* **Exercise brief**: Copy out the lines beginning at the one with "Aneta Lightning Taklampa" and ending at the last line of the data, both included; pictures stay out.

* **Data extract**:
• • • • •
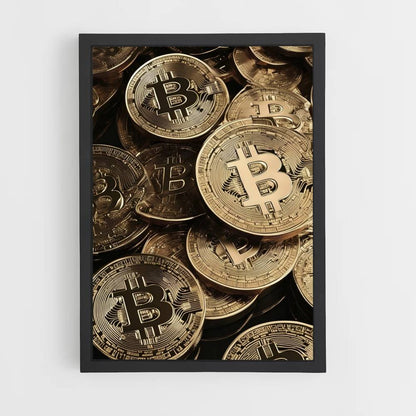 Poster Bitcoin-Münzen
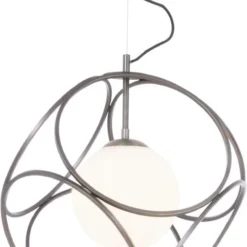 Aneta Lightning Taklampa Rigoletto - Tenn/vit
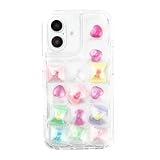 💠【SNSでバズり中のぽこぽこスマホケース】 今SNSで話題沸騰中のぽこぽこスマホケースは、個性を存分に表現できるアイテム。ケースには14個のスペースがあり、その中におはじきやビーズ、デコ系アイテムを自由に詰め込めます。リボン、タイルシール、フレークシール、おはじきシールまで、あなたの好きなアイテムでオリジナルのデザインを楽しんでください！ 🌟【シャカシャカできる】 ぽこぽこスマホケースの最大の特徴は、ケースを振ると「シャカシャカ」と心地よい音が鳴ること！おはじきやビーズを入れて、まるでミニ音楽...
• • • • •
* **Completed task**:
 Aneta Lightning Taklampa Rigoletto - Tenn/vit
 💠【SNSでバズり中のぽこぽこスマホケース】 今SNSで話題沸騰中のぽこぽこスマホケースは、個性を存分に表現できるアイテム。ケースには14個のスペースがあり、その中におはじきやビーズ、デコ系アイテムを自由に詰め込めます。リボン、タイルシール、フレークシール、おはじきシールまで、あなたの好きなアイテムでオリジナルのデザインを楽しんでください！ 🌟【シャカシャカできる】 ぽこぽこスマホケースの最大の特徴は、ケースを振ると「シャカシャカ」と心地よい音が鳴ること！おはじきやビーズを入れて、まるでミニ音楽...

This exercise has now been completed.